[[ Task data, beginning ]]

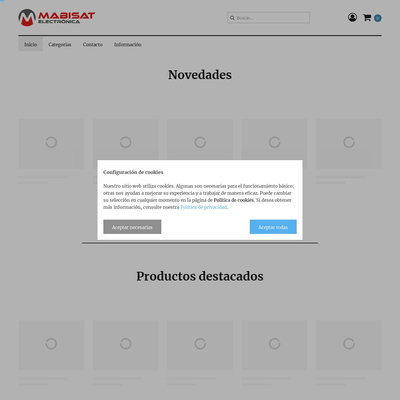 Mabisat Electrónica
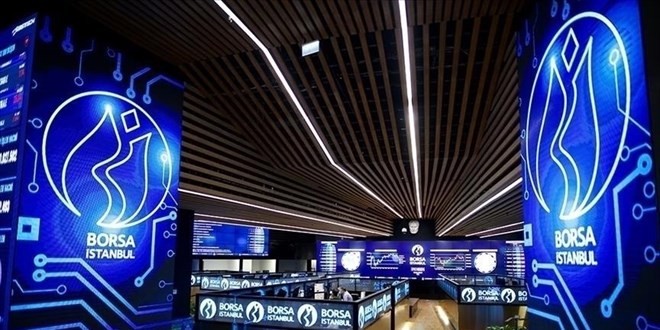 Borsa günü yükselişle tamamladı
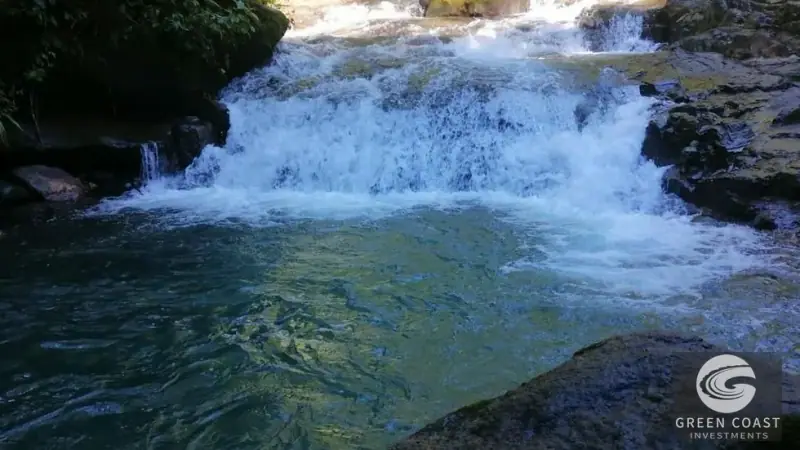238-Acre Ocean View Development Land with Private Waterfall in Portalon — view 55, Dominical, Costa Rica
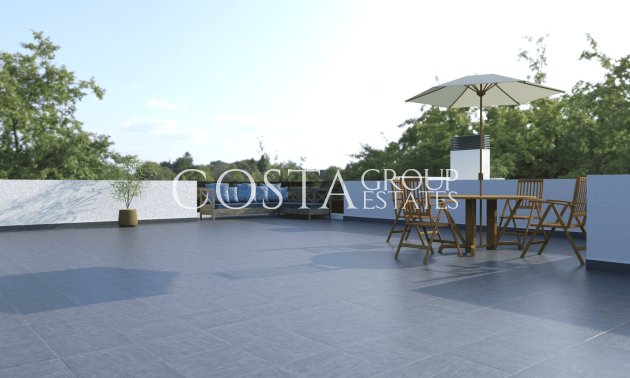 New Build - Villa -
San Javier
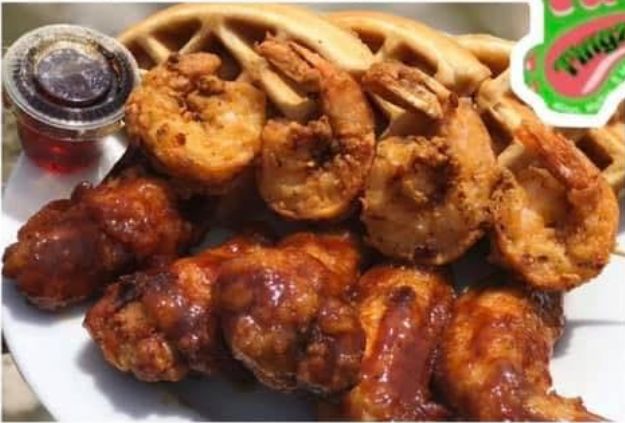 Waffles & Wings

[[ Task data, end ]]

When you repeat the lines above, keep them exact and leave out each image they contain.

 Mabisat Electrónica
 Borsa günü yükselişle tamamladı
238-Acre Ocean View Development Land with Private Waterfall in Portalon — view 55, Dominical, Costa Rica
 New Build - Villa -
San Javier
 Waffles & Wings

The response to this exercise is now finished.